To say Nick Mendola likes soccer is an understatement. Not many soccer fans can say they write 30 articles a week for a national television network. Or that they own an actual soccer team. (Well, two teams.) Nick can. He works for NBC Sports covering national and international soccer games and has been a co-owner of FC Buffalo (“FC” stands for football club) for more than 15 years.

How did you first get interested in soccer?

One of my first loves was actually ice hockey and the Buffalo Sabres. Then, I started playing just about any sport I could. When I got to high school, I was injured during a football game, so I took up soccer to stay in shape for hockey and just fell in love with it. I remember watching the World Cup back then, and the U.S. wasn’t great, so I rooted for Team Italy at the time, since that’s my father’s heritage. I’ve always been a sports nut.

How did you land a job as a sportswriter with NBC?

I started as the senior arts and life editor at The Spectrum, working with George Zornick, Jim Byrne, Mike Flatt and Corey Griswold.

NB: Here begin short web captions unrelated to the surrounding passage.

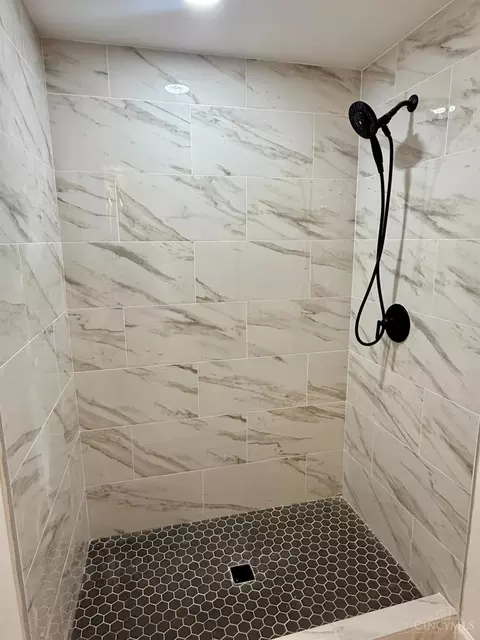 Bath - 1050 Marshall Ave, Cincinnati, OH 45225 photo 5 of 5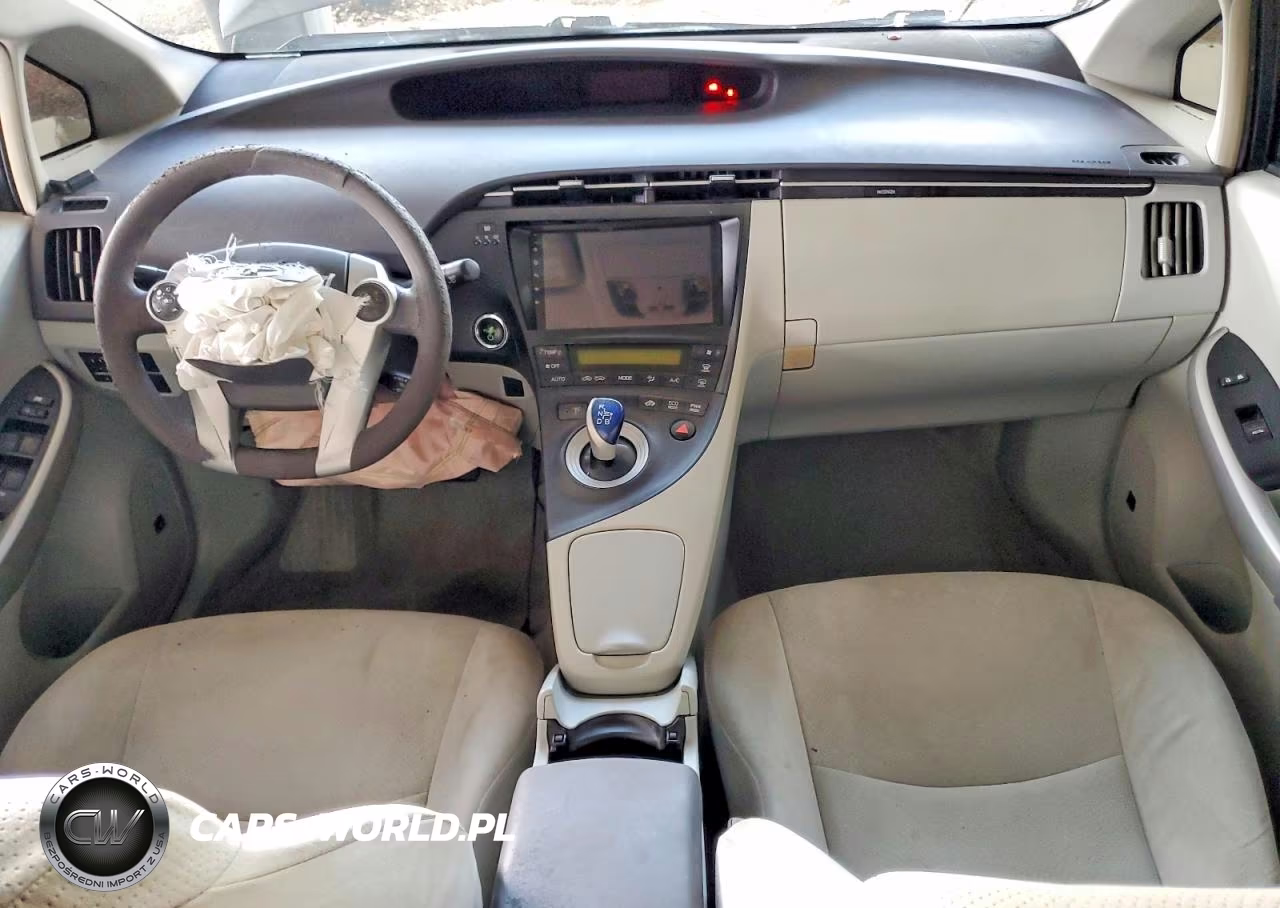 2011 Toyota Prius Three VIN:JTDKN3DU8B0268919 - 8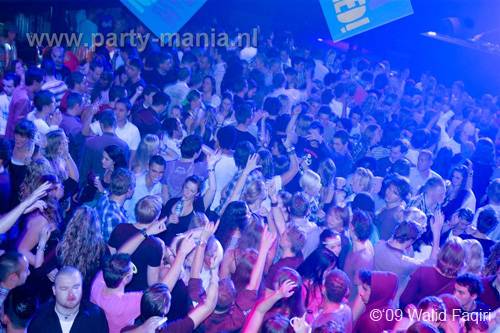 091031_156_franchise_partymania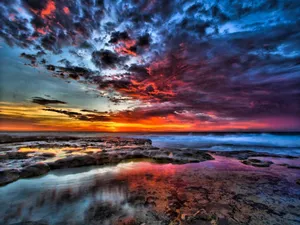 Captivating Sunset Over The Horizon Wallpaper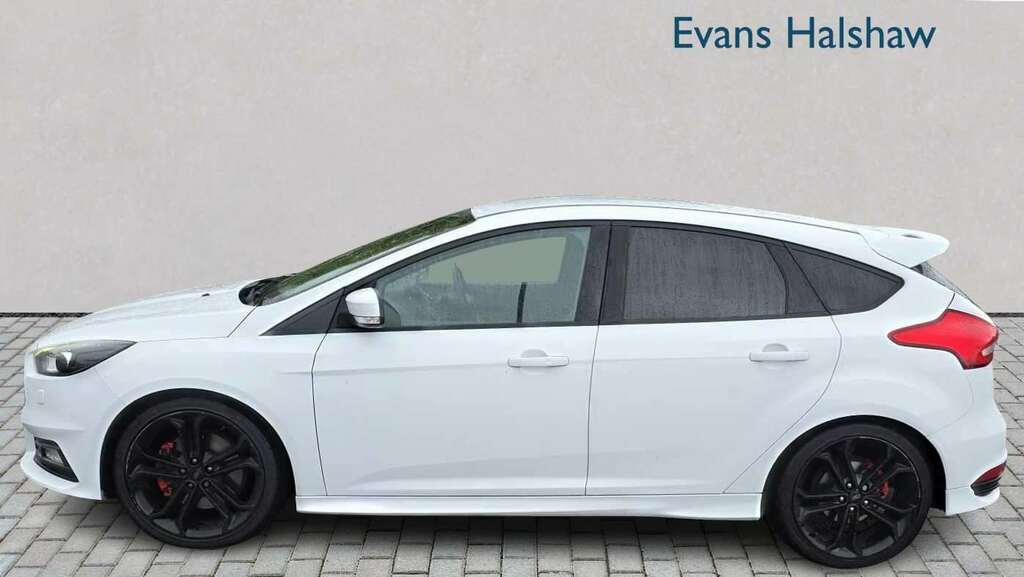 Ford Focus 2.0T Ecoboost St-3 2017 PK17ABF White #5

After graduating, I wrote for a small local weekly but was not having a great time. Corey, who was working at the local sports radio station WGR Sports Radio 550, said, “Why don’t you come work here?” That really gave me my start. Next, I went to the Associated Press. One day, I was on the golf course with someone from NBC Sports and the rest is history. I’ve been here now for 11 years, and have worked through several World Cups and Olympics. Not on site, unfortunately, but from the newsroom in Stamford, Connecticut.

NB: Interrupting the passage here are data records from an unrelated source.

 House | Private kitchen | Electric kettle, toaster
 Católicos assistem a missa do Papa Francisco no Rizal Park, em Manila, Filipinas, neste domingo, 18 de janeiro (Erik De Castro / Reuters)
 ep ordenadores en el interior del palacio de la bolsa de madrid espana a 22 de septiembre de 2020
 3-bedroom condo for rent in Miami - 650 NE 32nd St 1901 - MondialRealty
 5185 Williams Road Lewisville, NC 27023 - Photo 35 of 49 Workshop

What does a typical day look like for you?

The European soccer world is up earlier than us, so I have a lot of catching up to do. We focus our coverage on the most famous league in the world, England’s Premier League, as well as American players abroad. The first thing I’m doing is figuring out what I missed from huge clubs like Manchester United, Liverpool and Arsenal. Then, I’m either gearing up to analyze games or making sure we get exposure for top highlights. Two of my coworkers and I also run one of NBC’s YouTube shows: Pro Soccer Talk.

How did your UB experience impact your career?

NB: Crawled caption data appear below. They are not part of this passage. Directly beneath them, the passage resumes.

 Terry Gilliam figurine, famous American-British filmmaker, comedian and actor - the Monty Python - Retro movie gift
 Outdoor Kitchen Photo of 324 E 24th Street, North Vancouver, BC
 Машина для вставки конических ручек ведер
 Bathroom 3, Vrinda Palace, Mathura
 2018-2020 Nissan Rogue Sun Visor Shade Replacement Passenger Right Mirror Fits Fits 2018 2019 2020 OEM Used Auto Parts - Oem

I thought I was going to be a business guy. But three weeks in, I switched to English thanks to a short fiction class with Professor Robert Zamsky, reading Raymond Carver, Flannery O’Connor and James Joyce. It sparked an interest in writing that I didn’t know was in me. Did I know that it would take me back to sports? No, but I might not have gone down the sports path if it weren’t for Reggie Witherspoon (former UB men’s basketball coach), Turner Battle (former UB point guard), and the UB basketball team. They really captured the imagination of the student body as the school progressed in the Division I era.

Arguably, all the major influential pieces in the latter half of my life came from UB, including meeting my wife, Lacey. After I graduated, I still worked on the football broadcast as a sideline reporter and did some play-by-play for the women’s basketball team. I’ve never been too far from UB, even going to concerts there with my dad when I was in high school.

Tell me about FC Buffalo.

When I was working in radio, I went to press conferences for an amateur soccer team in town. At the time, around 2009, I learned that they were in a bind if they didn’t put a team in the league. The owner was having some financial challenges, so a few of my friends and I were thinking: Will there ever be another chance for us to own a sports team? So, we pulled our money together and bought the team! I’m one of four owners, including two UB alums, Scott Frauenhofer and Donny Kutzbach. And we’re still around 15 years later. It’s been wild.

Anything you’d like to add?

Living in Buffalo, you’re around so many people who went to UB. Even people I might not have been friends with at the time but later learned we had run in the same circles. It’s neat to be sitting here 20 years later, still knowing the same people and having the same connections. When I was growing up, people said you could get lost at UB, and I kind of needed that anonymity at times. But what they didn’t say is that you could form bonds with hundreds of people—and it’s a strong, very real bond. It’s extremely Buffalo.